Green Living and Energy Expo Highlight Vehicle and Building Efficiencies

Attendees check out part of the offering from Dominion Electric Vehicles.

Roanoke Valley residents learned about energy conservation, renewable energy, and green building during the annual Green Living and Energy Expo last Friday and Saturday at the Roanoke Civic Center.

Andy Kaplan with Dominion Electric Vehicles stood near three electric vehicles, which were catching the eye of many people, including school children.  The company doesn’t have anything to do with Dominion Virginia Power, but is related to what used to be Dominion Dodge-Jeep-Chrysler in Bedford.

“People that bought trucks from us needed something with a lower carbon footprint in order to meet federal and state contracts.”  The business operates out of a warehouse in Salem. Some of the vehicles Kaplan sells are manufactured in Minnesota and others in Georgia.

“These things can replace a passenger car or a small pickup truck or van very economically because the cost of electricity to operate them is about two cents per mile and they require vertically zero maintenance.” He asks potential clients to compare that to a gasoline-powered vehicle which costs from 25 to 30 cents per mile just for the cost of gasoline.

Imagine no more oil changes, or never again buying spark plugs or air filters.  But Kaplan says drivers must check tire pressure, brake fluid, and batteries.

The electric vehicles even have some safety measures. “They don’t have air bags or side impact beams but that’s why they’re limited to 25 miles an hour – they don’t want you going fast enough to get yourself hurt.”  But they do have seatbelts and a safety glass windshield.

Prices range from $5500 to $18,000 range but Kaplan says some of the higher end models can replace a full-sized truck or van and they have a range of 35 miles, depending on the load you’re hauling, the hills you’re climbing, how cold it is, and how hard you accelerate.

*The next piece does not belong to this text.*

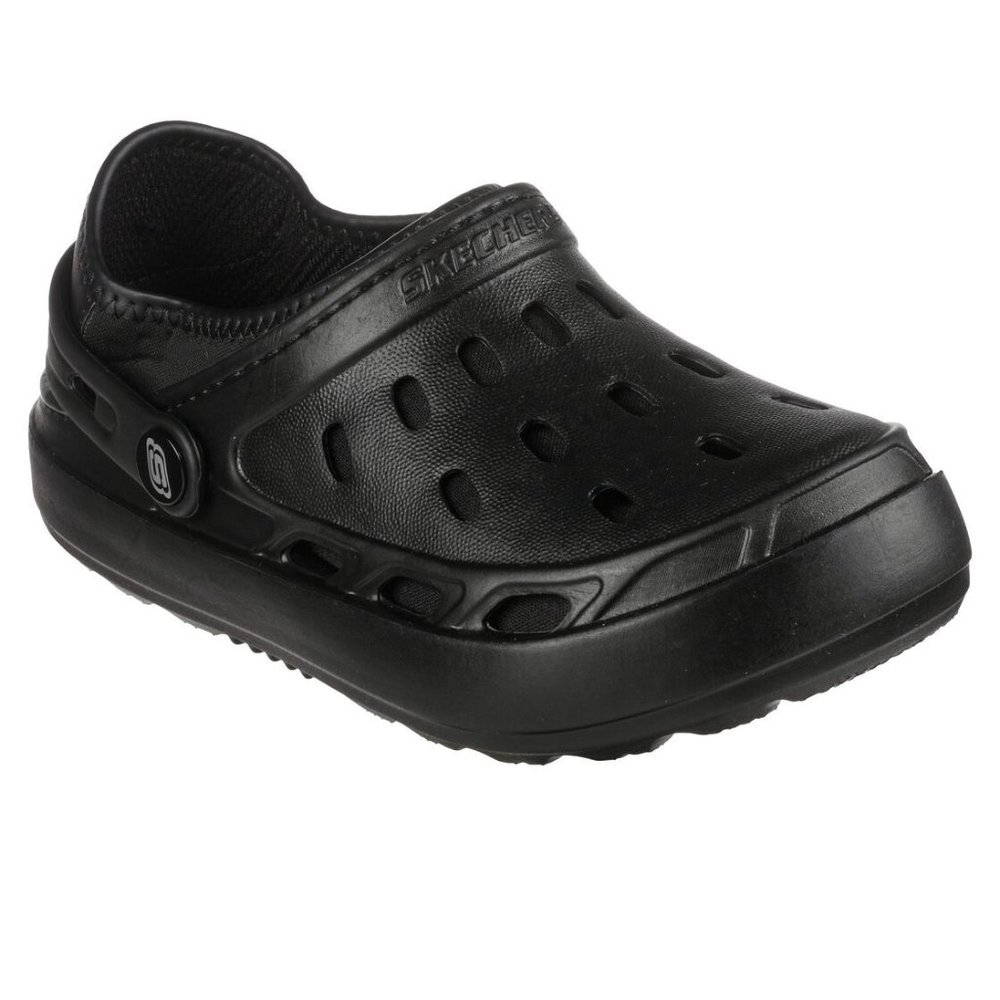 Skechers Kids Black Clogs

Kaplan says you can plug the vehicle in for an hour or so while you eat lunch or go shopping.  That can charge the electric vehicle up to 70 percent.  To get a 100 percent charge, it takes four or five hours.

Over in another exhibit was Josh Holloway with Community Design Studio, the architecture wing of Community Housing Partners, which got its start in the New River Valley and has since expanded to Hampton Roads.

Community Housing Partners is now building Heron’s Landing which is transitioning the homeless to housing in Chesapeake. Victoria Ridge is low income housing being built in Lynchburg. Holloway says both are 100 percent accessible, and built using universal design.  “So, it’s meant for anybody of any ability, age, ability, disability, age, impairment of any kind that they could equitably use any of the facilities in their apartment and of the community space.”

Many of the projects Community Housing Partners works on are green certified.  He says the start up costs to live environmentally green may cost more, but in some cases, the money is recouped in the long run.

“Materials are more environmentally responsible but they may not actually give you payback on their initial cost.”  For instance, Holloway says if you use fiber cement-board siding product on your home, you won’t see any cost savings on energy consumption.  “Whereas, if you seal your ducts well or you seal up the envelope of your home, or use Energy Star products; things that may cost a little bit more in the beginning. What we found is nearly all of them will provide a return over any given amount of period-two to six to anything about 10 years.”  He says the green movement is becoming standard for building construction.